Take every line containing "that" from the material and copy it.

▸ Provided material
___
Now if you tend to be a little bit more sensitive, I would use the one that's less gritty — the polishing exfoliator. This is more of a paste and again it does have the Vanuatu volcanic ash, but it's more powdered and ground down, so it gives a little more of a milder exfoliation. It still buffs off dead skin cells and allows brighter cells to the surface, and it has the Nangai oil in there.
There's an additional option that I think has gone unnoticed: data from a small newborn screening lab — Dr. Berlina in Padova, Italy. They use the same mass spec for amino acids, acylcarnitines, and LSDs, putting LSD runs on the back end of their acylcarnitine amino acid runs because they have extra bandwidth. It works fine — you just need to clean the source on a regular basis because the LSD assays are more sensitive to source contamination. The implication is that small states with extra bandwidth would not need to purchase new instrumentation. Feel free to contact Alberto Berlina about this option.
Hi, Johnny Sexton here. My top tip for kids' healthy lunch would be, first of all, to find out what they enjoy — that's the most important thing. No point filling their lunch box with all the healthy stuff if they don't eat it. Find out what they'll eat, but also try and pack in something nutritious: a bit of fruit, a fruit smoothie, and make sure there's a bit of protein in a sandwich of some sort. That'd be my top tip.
___
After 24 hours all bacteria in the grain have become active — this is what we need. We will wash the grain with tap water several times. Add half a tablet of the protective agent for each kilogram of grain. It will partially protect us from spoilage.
___
▸ Task output
Now if you tend to be a little bit more sensitive, I would use the one that's less gritty — the polishing exfoliator. This is more of a paste and again it does have the Vanuatu volcanic ash, but it's more powdered and ground down, so it gives a little more of a milder exfoliation. It still buffs off dead skin cells and allows brighter cells to the surface, and it has the Nangai oil in there.
There's an additional option that I think has gone unnoticed: data from a small newborn screening lab — Dr. Berlina in Padova, Italy. They use the same mass spec for amino acids, acylcarnitines, and LSDs, putting LSD runs on the back end of their acylcarnitine amino acid runs because they have extra bandwidth. It works fine — you just need to clean the source on a regular basis because the LSD assays are more sensitive to source contamination. The implication is that small states with extra bandwidth would not need to purchase new instrumentation. Feel free to contact Alberto Berlina about this option.
Hi, Johnny Sexton here. My top tip for kids' healthy lunch would be, first of all, to find out what they enjoy — that's the most important thing. No point filling their lunch box with all the healthy stuff if they don't eat it. Find out what they'll eat, but also try and pack in something nutritious: a bit of fruit, a fruit smoothie, and make sure there's a bit of protein in a sandwich of some sort. That'd be my top tip.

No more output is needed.